La question du domicile quant à elle est délaissée et abordée sommairement puisqu’il se cantonne à proposer la suppression des cotisations sociales sur les emplois familiaux (garde d’enfants, aide-ménagère, aide aux personnes âgées ou en situation de handicap). Notons que le gouvernement a mis en place la réduction des cotisations dues à partir du 1er décembre 2015 pour les emplois familiaux. Ce dispositif a été pensé pour inciter notamment les particuliers à embaucher et à déclarer les heures des personnes qu’ils emploient à domicile pour mieux lutter contre le travail dissimulé.

Monsieur Sarkozy veut faire du « placement » en maison de retraite la règle. Dont acte. Mais il oublie alors la grande majorité des personnes qui aspire à poursuivre leur vie à domicile (81% selon une étude Ifop de 2010). C’est la raison pour laquelle nous avons placé la question de l’aide à domicile au cœur de la loi d’adaptation de la société au vieillissement.

Partir des demandes, des besoins et y répondre est notre ambition.
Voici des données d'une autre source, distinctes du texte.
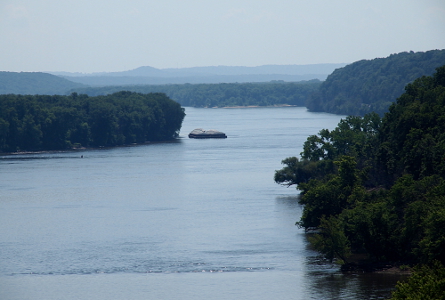 [Looking toward river with overcast skies making the distant bluffs misty looking as well as giving a dark cast to the water and trees on the shore and island. A dock floats just off the shoreline of the island.]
D’autant plus que selon les projections démographiques 300 000 emplois non délocalisables peuvent être créés.

En définitive, Monsieur Sarkozy propose de briser la solidarité nationale, d’organiser le désengagement public avec des mesures inadaptées et socialement injustes, qui se résument en une phrase : l’abandon des personnes âgées et de leurs familles.

Si nous voulons être à la hauteur des défis tout en respectant le sérieux budgétaire, le débat démocratique doit se concentrer sur la manière dont on doit garantir les droits existants et pourquoi pas en créer d’autres. C’est ce que nous faisons depuis 2012.